:: What you are asked to do ::
Make an exact copy of all the entries below, with the pictures left out.

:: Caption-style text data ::
== == ==

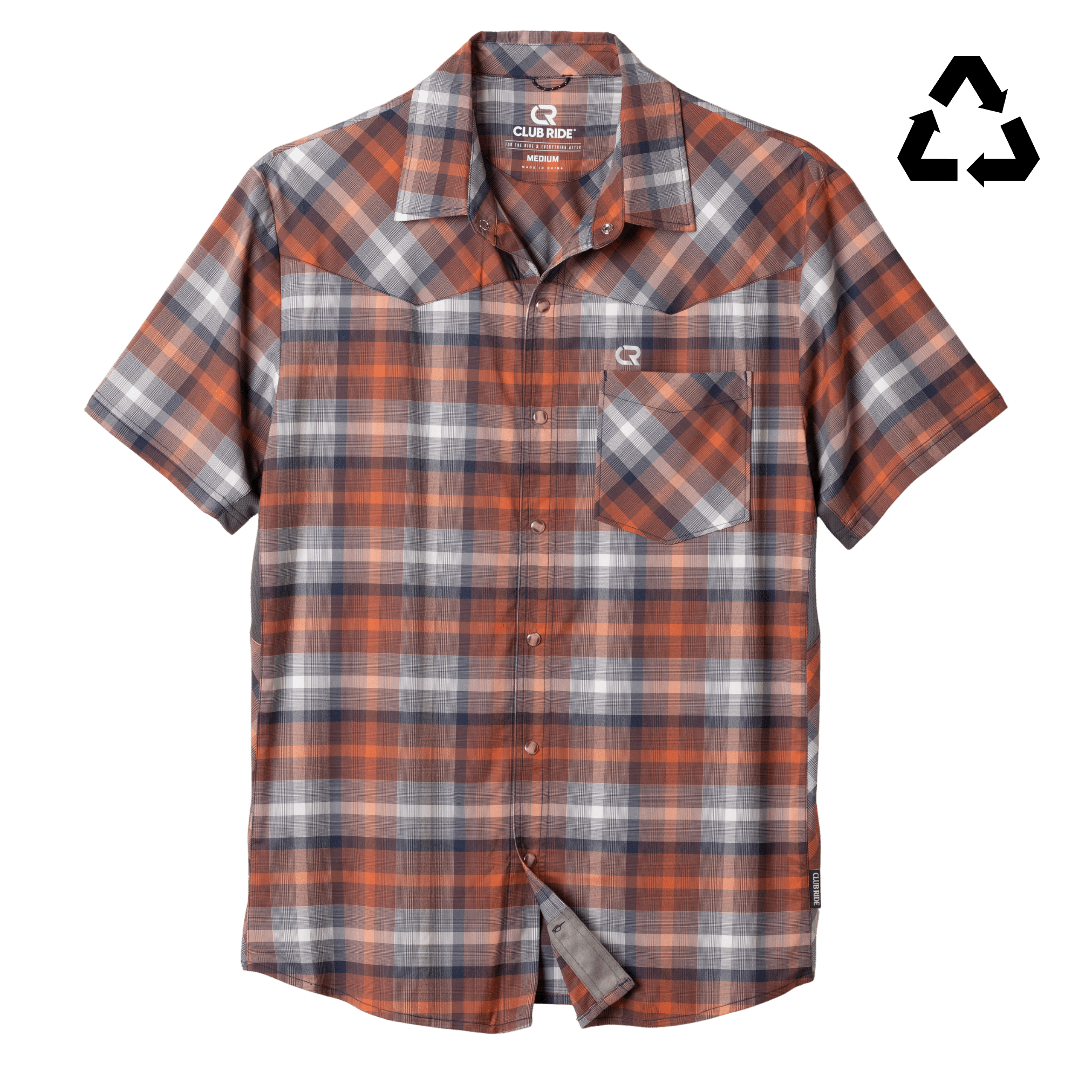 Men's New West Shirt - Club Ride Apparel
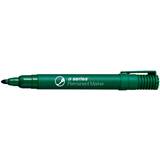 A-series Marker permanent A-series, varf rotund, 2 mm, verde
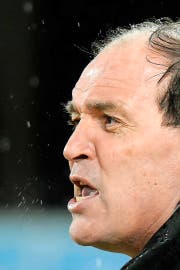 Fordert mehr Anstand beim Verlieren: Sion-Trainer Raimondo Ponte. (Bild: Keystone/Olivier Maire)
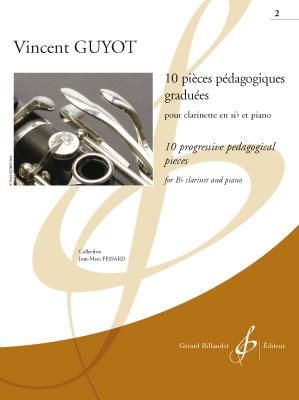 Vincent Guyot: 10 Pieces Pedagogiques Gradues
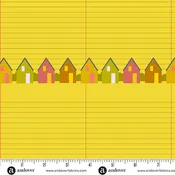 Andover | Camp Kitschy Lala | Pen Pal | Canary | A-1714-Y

== == ==

:: Solution to the exercise ::
 Men's New West Shirt - Club Ride Apparel
 A-series Marker permanent A-series, varf rotund, 2 mm, verde
 Fordert mehr Anstand beim Verlieren: Sion-Trainer Raimondo Ponte. (Bild: Keystone/Olivier Maire)
 Vincent Guyot: 10 Pieces Pedagogiques Gradues
 Andover | Camp Kitschy Lala | Pen Pal | Canary | A-1714-Y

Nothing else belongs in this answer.